Ageism, Loneliness and the Need for Resilience
Research shows that higher levels of resilience may be more likely to prevent ageism from directly impacting mental health
Ageism and loneliness are two relevant public health issues, mainly affecting older adults' mental health. As the average life expectancy increases, these issues tend to coexist and may threaten the quality of life of older adults, particularly those with significant barriers.
New research has shown that resilience could reduce the mental health effects of ageism and loneliness, but the impact on minority elders remains unclear. The United States Census Bureau reports that older adults, in general, will be more racially and ethnically diverse.
Resilience is a common theme in research, but what does resilience mean when addressing ageism and loneliness?
As a result, the aging of the population will have vast implications in several areas, including ageism and loneliness, where both issues are ingrained in culture and society. Even as we continue getting bombarded with messages about aging, it is compounded by our negative age stereotypes that can affect our physical and mental health, especially as we age.
The rapid growth in the older population will challenge health care professionals and policymakers as they find new and innovative ways to include a resilience framework in intervention programs for aging and mental health.
Without a holistic approach to resilience and mental health, minority older adults are left with a flawed "one size fits all" approach as attitudes and stereotypes associated with aging increase with the aging population.
Holistic Approach to Resilience
A report from the World Health Organization states that among elders, ageism is associated with poorer physical and mental health, increased social isolation and loneliness, greater financial insecurity, decreased quality of life and premature death.
According to the report, an estimated 6.3 million cases of depression globally are attributable to ageism. In addition, ageism intersects and exacerbates other forms of bias and disadvantage, including sex, race and disability, negatively impacting health and well-being.
If society hopes to reduce ageism and our epidemic of loneliness, it will require taking a hard look at the role privilege and resilience play in these issues.
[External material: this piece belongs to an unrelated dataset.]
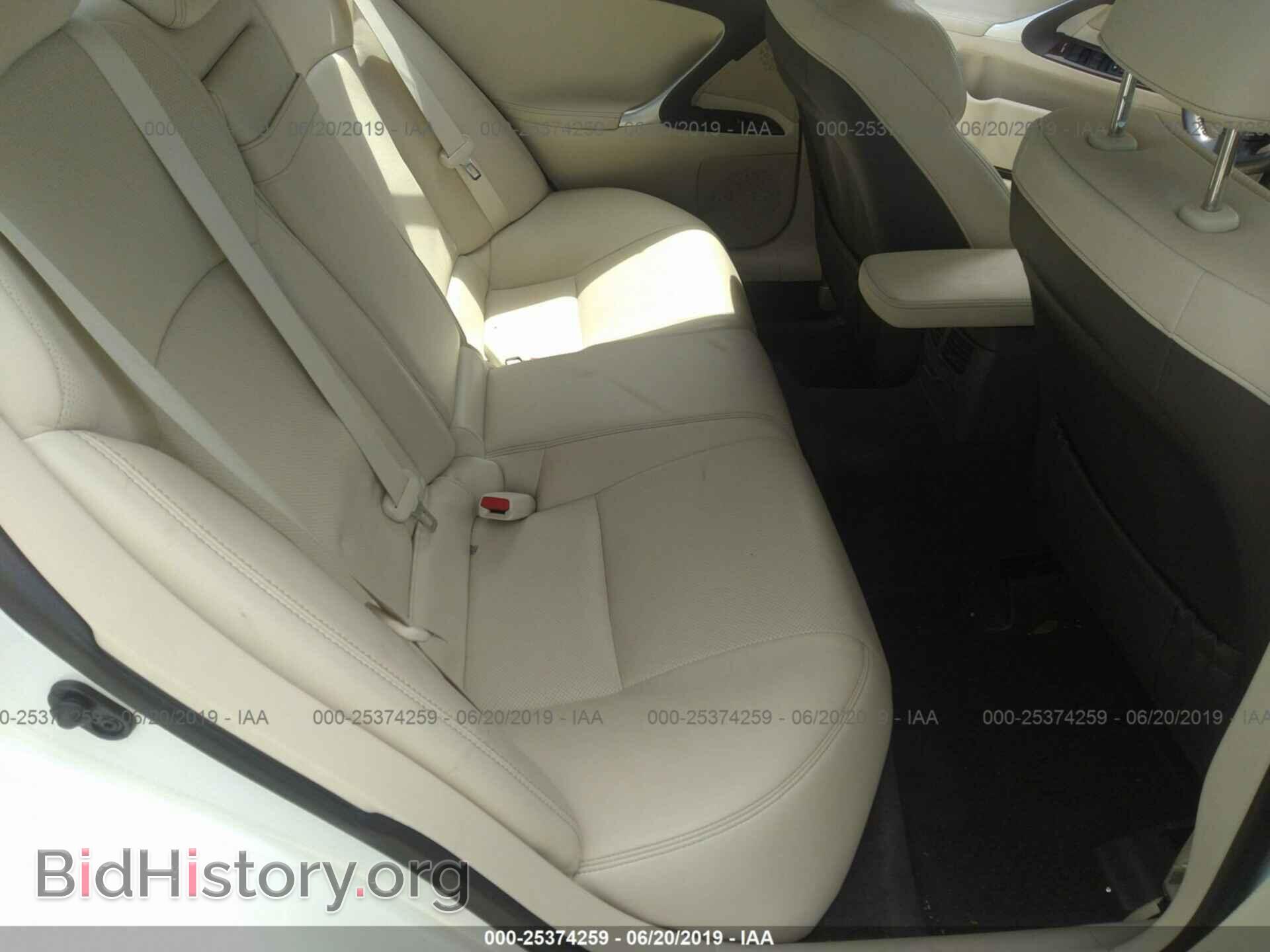 2012 LEXUS IS - VIN: JTHCF5C21C5056038 - Фото 8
Resilience is a common theme in research, but what does resilience mean when addressing ageism and loneliness? And how does privilege encourage resilience and contribute to inequalities?
What is Resilience?
Resilience is too often discussed as an individual accomplishment to surviving adversity, said Dr. Kayse Lee Maass, an industrial engineering professor who leads the Operations Research and Social Justice lab at Northeastern University.
"Imagine what our society could look like if we focused on building resilient communities and ensuring robust community support systems."
"Instead of placing the burden on individuals to be resilient, imagine what our society could look like if we focused on building resilient communities and ensuring robust community support systems are in place to meet the needs of community members."
For minority elders, the expectation for resilience can seem like an added burden, leaving many to remain isolated or experience the ripple effects of ageism. In other words, we may need to expand our view of resilience.
As the population becomes increasingly diverse, the social and economic burden of ageism and loneliness on minority older adults is expected to overgrow. Therefore, understanding the influence of cultural values on these issues is essential to provide support for minority elders.
How Resilience Impacts Minority Elders
As current research confirms, having higher levels of resilience may be more likely to prevent ageism from directly impacting mental health. Hence working to increase overall resilience might be the solution to addressing age discrimination.
It has been shown that social isolation and loneliness are common among African American and Black older adults, and were particularly prevalent during the pandemic. For Black older adults who immigrate to the United States, social isolation is worse because of cultural, religious and language differences that they may encounter when they come to the country, especially if the individual immigrates later in life.
Minority populations may face barriers to accessing services, stigma, language barriers and cultural conflicts leading to less use of formal health and social services, leading to acute loneliness. Not only can these experiences impact individual resilience, but they can also negatively affect community resilience and belonging — unless the narrative changes.
For example, communities could improve accessible transportation options for older adults unable to drive to attend community activities, prioritize home-based social visits, or assist community members with accessing new technologies to connect with loved ones remotely, said Maass.
A degree of resilience can make or break us.
"By prioritizing equitable and accessible community-based support systems, we could shift the burden away from individuals needing to overcome loneliness by themselves."
According to an older Black immigrant from West Africa who prefers to remain anonymous, joining an African church close to her helped her to feel at home and establish new connections, making the transition process more accessible. On the other hand, some older immigrants have decided to retire in their country of birth due to strong ties, nostalgia or a chance to start anew.
Creating a sense of belonging anywhere is critical to reducing loneliness, especially for less resilient older adults and those lacking the privilege of community. Having an intentional community may promote resilience to minimize the adverse effects of loneliness and ageism.
Because, in the end, a degree of resilience can make or break us.
Since privilege and resilience can predict loneliness, solutions can also consider unique lived experiences. If not, such solutions will only address loneliness on a surface level.
It is a challenging task, one that requires not only shaping media narratives but also requires individuals to be willing to develop a personal sense of responsibility and accountability.